LLMs should not be used to do math problems and probably for not simple searches either, so these examples are not to call in doubt the general usefulness of AI. However, when considering how efficient data centers or LLMs are, it is important to compare it to other ways to do the same thing (e.g., a math problem or a search), not to a common data center baseline.
Buildings
Misaligned efficiency metrics can also obscure how much energy buildings use. By focusing only on an efficiency rating (e.g., the SEER value of an air conditioner), it can be difficult for users to compare how much energy is actually used. For example, savings from installing a heat pump may be lower than expected if the weather is significantly different from the previous year, or one building may have different savings because it is a different size. When evaluating energy efficiency, it is important to normalize the results to be able to compare the actual impact in the unit of interest (e.g., the energy needed to heat the same home in a typical meteorological year or the energy use per square foot in different buildings). In industrial facilities, sometimes improvements in efficiency lead to lower than expected savings because of production increases. To really compare the impact of the intervention, one must look at how the energy use per manufactured widget changes over time, not the total energy use.
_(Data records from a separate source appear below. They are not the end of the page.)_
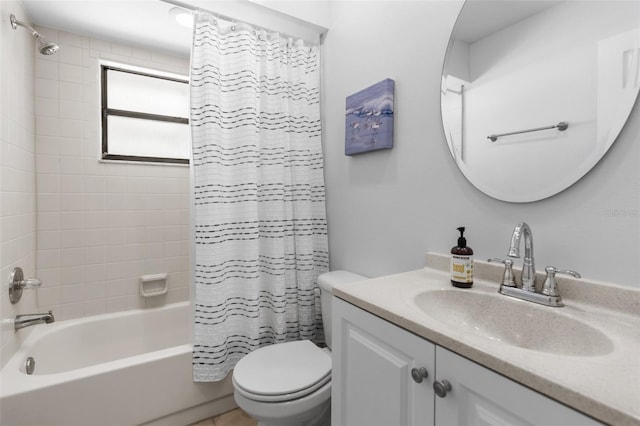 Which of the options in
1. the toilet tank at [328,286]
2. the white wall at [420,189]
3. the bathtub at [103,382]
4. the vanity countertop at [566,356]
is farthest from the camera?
the toilet tank at [328,286]

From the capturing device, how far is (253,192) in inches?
67.9

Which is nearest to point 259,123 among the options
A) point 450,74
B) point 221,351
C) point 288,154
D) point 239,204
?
point 288,154

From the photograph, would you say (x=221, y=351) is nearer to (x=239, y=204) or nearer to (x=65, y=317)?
(x=239, y=204)

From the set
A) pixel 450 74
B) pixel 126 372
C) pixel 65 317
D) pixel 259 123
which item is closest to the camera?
pixel 450 74

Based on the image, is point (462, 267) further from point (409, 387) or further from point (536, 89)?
point (536, 89)

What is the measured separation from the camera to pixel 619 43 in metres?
0.80

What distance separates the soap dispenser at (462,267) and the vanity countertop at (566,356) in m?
0.03

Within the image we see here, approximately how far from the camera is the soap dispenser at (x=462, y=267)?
1015mm

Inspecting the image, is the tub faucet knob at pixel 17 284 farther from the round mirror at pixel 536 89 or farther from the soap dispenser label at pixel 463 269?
the round mirror at pixel 536 89

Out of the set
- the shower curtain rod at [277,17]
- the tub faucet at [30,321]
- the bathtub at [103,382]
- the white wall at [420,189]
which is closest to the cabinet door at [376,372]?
the white wall at [420,189]

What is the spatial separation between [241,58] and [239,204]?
84cm

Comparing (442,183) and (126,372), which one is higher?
(442,183)

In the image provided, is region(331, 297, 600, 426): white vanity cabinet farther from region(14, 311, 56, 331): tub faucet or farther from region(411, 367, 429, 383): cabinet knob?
region(14, 311, 56, 331): tub faucet

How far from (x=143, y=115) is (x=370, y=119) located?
6.08 feet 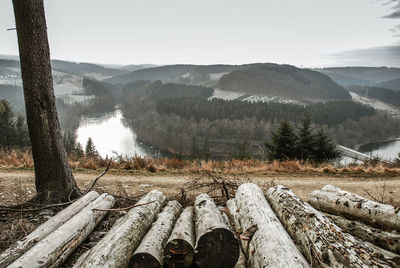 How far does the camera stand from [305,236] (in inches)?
121

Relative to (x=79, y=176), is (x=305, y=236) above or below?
above

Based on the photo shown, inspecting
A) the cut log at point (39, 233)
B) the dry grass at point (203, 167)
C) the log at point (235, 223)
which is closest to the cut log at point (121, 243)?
the cut log at point (39, 233)

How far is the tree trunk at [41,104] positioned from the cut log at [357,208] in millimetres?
5473

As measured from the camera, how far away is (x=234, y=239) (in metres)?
2.96

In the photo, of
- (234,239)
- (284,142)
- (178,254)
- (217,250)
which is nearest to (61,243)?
(178,254)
[1] Once you start considering electric vehicles vs. internal combustion engines, it gets even more interesting. A recent Yale study estimates that for ICE cars, only 16-25% of the energy goes to the wheels compared to 87-91% for EVs. Factoring in how the electricity is generated (e.g., through fossil fuels or renewables) adds another layer of fun complexity.
[2] The post is about a year old, so some of the information may be outdated.
[3] This only calculates the computing time of the iPhone. If you also included the time that the screen was on to enter the equation (say 5 seconds), it comes out to 0.0116, which is still 86 times more efficient than an LLM.